Assignment
Nothing but the text belongs in the answer: the listing below, copied exactly, without pictures.

Information shown
*-*-*
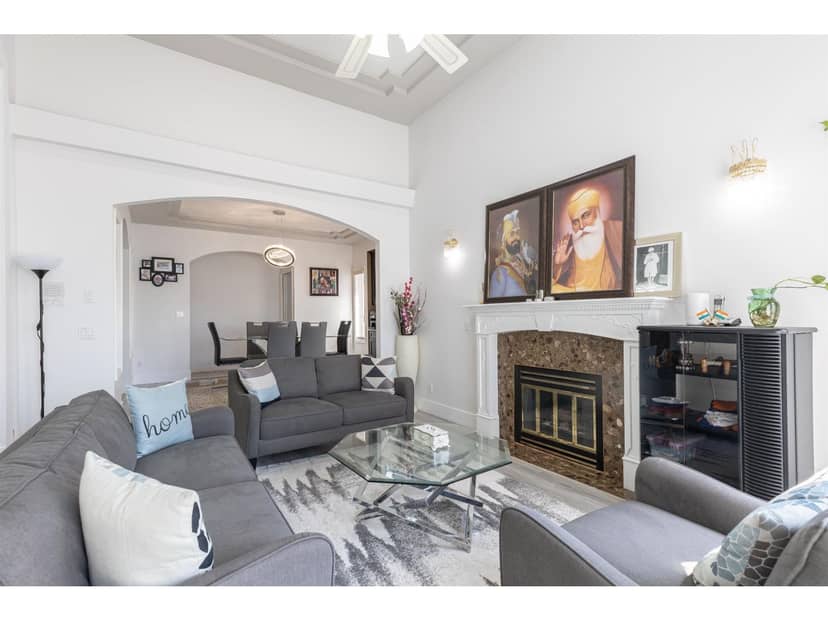 8298 151A STREET, Surrey, photo 3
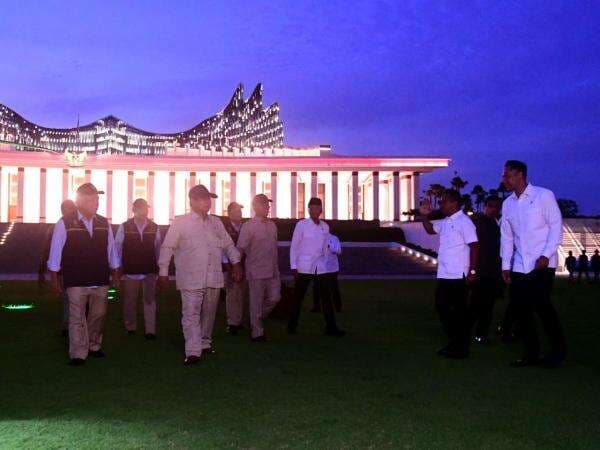 Prabowo Koreksi Desain dan Fungsi IKN, Minta Pembangunan Dipercepat Prabowo Koreksi Desain dan Fungsi IKN, Minta Pembangunan Dipercepat
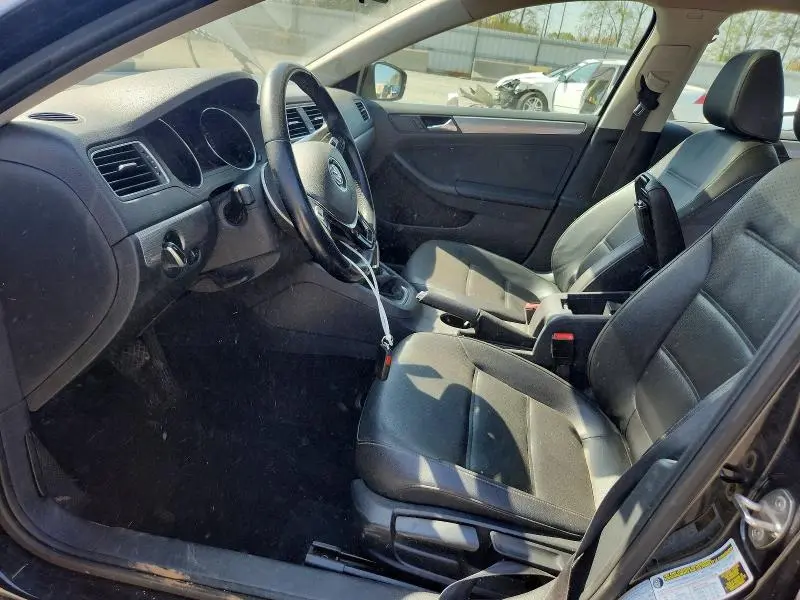 2015 VOLKSWAGEN JETTA SE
*-*-*
Answer to the problem
 8298 151A STREET, Surrey, photo 3
 Prabowo Koreksi Desain dan Fungsi IKN, Minta Pembangunan Dipercepat Prabowo Koreksi Desain dan Fungsi IKN, Minta Pembangunan Dipercepat
 2015 VOLKSWAGEN JETTA SE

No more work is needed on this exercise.